## Deduplication quickstart

In this demo we de-duplicate a small dataset, using simple settings. The aim is to demonstarate core Splink functionality succinctly, rather that comprehensively document all configuration options.



## Step 1: Choose your backend

In `splink` version 3, you have the option to choose the SQL backend that will perform match

Currently, `splink` offers three different SQL backends:
- `duckdb` with: `from splink.duckdb.duckdb_linker import DuckDBLinker`

- `sqlite` with: `from splink.sqlite.sqlite_linker import SQLiteLinker`

- `spark` with: `from splink.spark.spark_linker import SparkLinker`

For smaller datasets (up to a few million records), we `duckdb` is likely to give you the best performance.

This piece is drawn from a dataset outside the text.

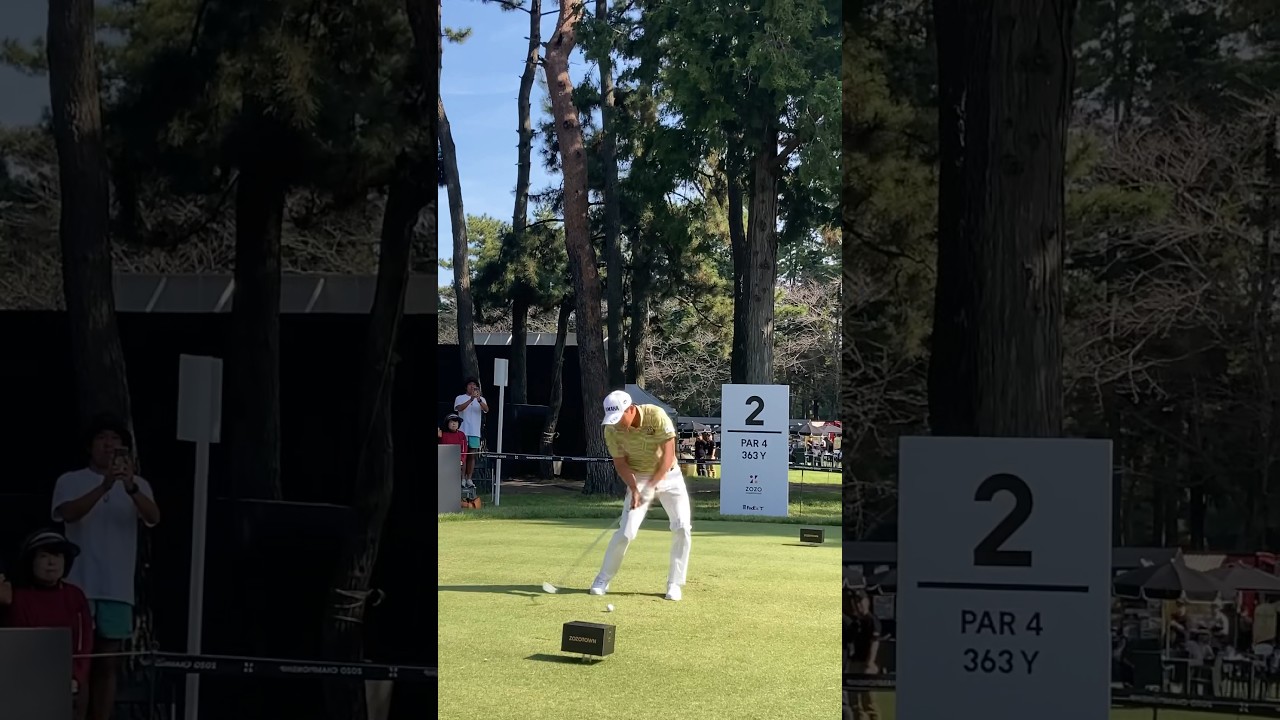 『今平周吾』2023年 ZOZOチャンピオンシップ アイアンスイング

The subsequent code is the same irrespective of the backend used.

In [20]:
from splink.duckdb.duckdb_linker import DuckDBLinker

## Step 1: Read in data
Read in a 1000-record dataset that contains duplicates.

Note that the `group` column represents the 'ground truth' - i.e. this is a labelled dataset, so we know which rows refer to the same person.  In reality, we wouldn't have this column - this is the information that Splink is trying to estimate.

In [2]:
import pandas as pd 
pd.options.display.max_rows = 1000
df = pd.read_csv("./data/fake_1000.csv")
df.head(5)

Unnamed: 0,unique_id,first_name,surname,dob,city,email,group
0,0,Julia,,2015-10-29,London,hannah88@powers.com,0
1,1,Julia,Taylor,2015-07-31,London,hannah88@powers.com,0
2,2,Julia,Taylor,2016-01-27,London,hannah88@powers.com,0
3,3,Julia,Taylor,2015-10-29,,hannah88opowersc@m,0
4,4,oNah,Watson,2008-03-23,Bolton,matthew78@ballard-mcdonald.net,1


## Step 2: Profile columns

Splink can perform exploratory analysis of columns (e.g. `first_name`, or arbitrary sql expressions like `concat(first_name, surname)`).  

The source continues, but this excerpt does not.